SUMMARY OF INVENTION

The teachings of the present invention are directed to systems and methods for highly efficient and effective water treatment.

One method aspect of the invention comprises removing contaminants from a body of water and may include positioning a containment vessel within a body of water, wherein the containment vessel comprises a flexible wall; moving water to be treated from the body of water into the containment vessel, wherein the water to be treated contains at least one of organic and inorganic suspended solids having a contaminant therein, and wherein the water moving step provides a first wall shape to the containment vessel; allowing the solids to accumulate in the treated water at a bottom portion of the containment vessel in a collection area thereof; preventing water flow from the body of water into the containment vessel; removing the treated water and the accumulated solids from the collection area; continuing the removing step sufficient for collapsing the containment vessel and concentrating the solids to a reduced collection area; and removing at least a portion of the solids from the reduced collection area within the collapsed containment vessel.

Another method may comprise dosing the water to be treated with a chemical coagulant to form treated water, and wherein the solids accumulating step comprises permitting coagulation and flocculation to form floc. Yet further, the method may include permitting clarified water to form within an upper portion of the containment vessel, and draining at least a portion of the clarified water from the upper portion of the containment vessel.

One embodiment according to the teachings of the present invention may comprise a containment vessel or settling vessel constructed of a flexible material that may be positioned above ground, above a water table, or in a body of water. The settling vessel may include a concave shaped cross section, such as a hemisphere, cone shape or an elongated trench.
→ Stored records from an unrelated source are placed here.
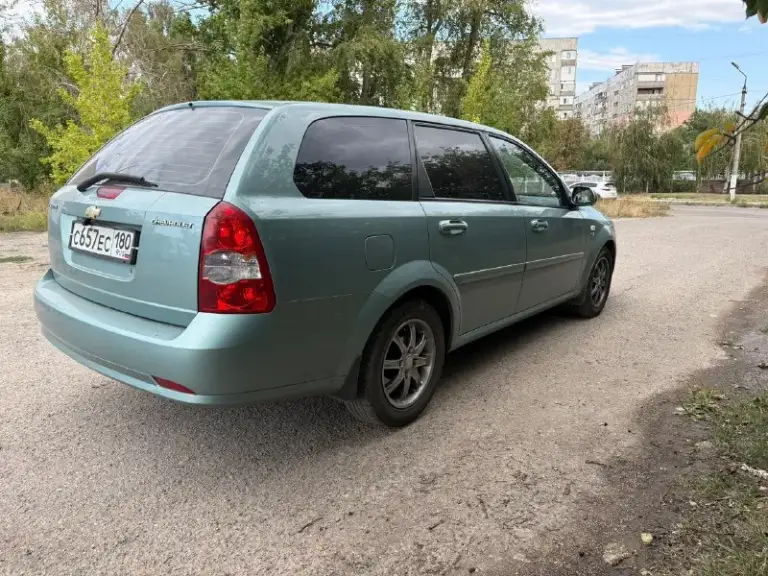 Продам chevrolet лачетти. Двигатель 1.8. 140 тыс пробега. Единственный владелец с автосалона. Авто не видело ни одной зимы. Эксплуатировалась только летом. Зимы стояла в теплом, сухом гараже. Не бита, не крашена, вся в заводском окрасе. Установлена андроид магнитола. 2 ключа, стоит сигнализация. Двигатель, коробка в идеальном состоянии. Машина ухоженная. Возможен небольшой торг у капота. По всем вопросам звоните по телефону и приезжайте на осмотр. 650 тыс с торгом! +79495070058
📞 Звоните: +7(949)5070058 - фотография - 4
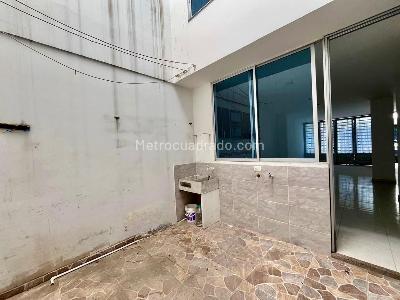Casa de 4 alcobas en venta en Santa Isabel, Girardot, 98 m² · foto 15 de 16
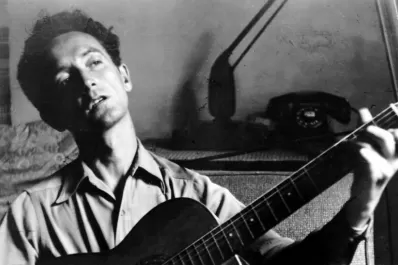 Woody Guthrie, el baladista del pueblo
The settling vessel may include a suction point adjacent a lowest portion of the settling vessel. By way of example, locating the suction point may comprise plumbing downward from a surface of the body of water, or through a side wall or bottom wall of the vessel. The suction point provides an effective and simple floc or solids removal. Applying suction using a pump connected to an effluent line enables the floc or solids to accompany any associated water as it is removed from the bottom of the vessel.

The settling vessel or containment vessel may be controlled by several factors including the chamber or multiple chambers plumbed in series for desirably promoting sufficiently low velocity, quiescent conditions, to enhance solids (particle) settling. Further, when suction is applied at a preselected point or multiple points in the vessel, the vessel or chamber within the vessel collapses in such a way that floc/sludge or solids flows freely to a preselected area. Water from outside the vessel is prevented from entering the vessel or chamber and diluting contents within the containment vessel, and thus enhance efficiency of the removal process.
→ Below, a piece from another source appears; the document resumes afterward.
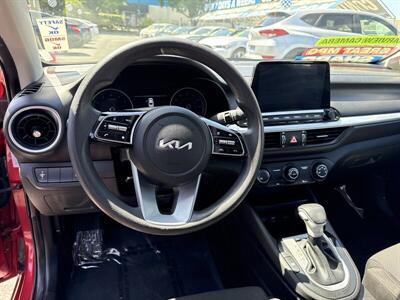 2023 Kia Forte LXS - Photo 8 - Pittsburg, CA 94565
Yet further, the chamber may capitalize on the shape of a vessel or pond to minimize infrastructure costs. A bottom fabric of the chamber may rest on the bottom of the pond or vessel as it begins to fill with floc, thereby minimizing the amount of flotation required at the chamber's surface.

BRIEF DESCRIPTION OF DRAWINGS

Embodiments of the invention are described by way of example with reference to the accompanying drawings in which:

FIG. 1 is a diagrammatical cross-sectional illustration of another embodiment of a water treatment system according to the teachings of the present invention using a unitary settling container positioned in a body of water;

FIG. 1A is a diagrammatical cross-sectional illustration of a flexible containment vessel suspended within a body of water, wherein water to be treated substantially fills the containment vessel;

FIG. 1B is a diagrammatical cross-sectional illustration of a typical containment vessel within a body of water, wherein water to be treated fills the containment vessel and solids allowed to settle are pumped out of the vessel, and wherein such typical pumping results in a void or cavity formed within the solids thus rendering removal undesirably inefficient;

FIG. 1C is a diagrammatical cross-sectional illustration of the flexible containment vessel of FIG. 1A, wherein reducing the volume of water in the containment vessel results in walls of the vessel collapsing and causing settled solids to be concentrated within a definable collection area;

FIG. 2 is a diagrammatical cross-sectional view of a further embodiment of the invention comprising a water treatment system using multiple settling containers;

FIG. 3 illustrates one embodiment of the invention comprising an octagonal chamber, filled with water, and containing weighted chains running from the periphery to a central point, thus modeling a large system such as a small pond; and

FIG. 4 illustrates an embodiment of the invention comprising a rectangular chamber, originally containing water, following evacuation of the water by a centrally located suction pipe positioned just below the surface of the water, wherein the containment or chamber fabric collapses inwards and upwards, pushing all water to the central location.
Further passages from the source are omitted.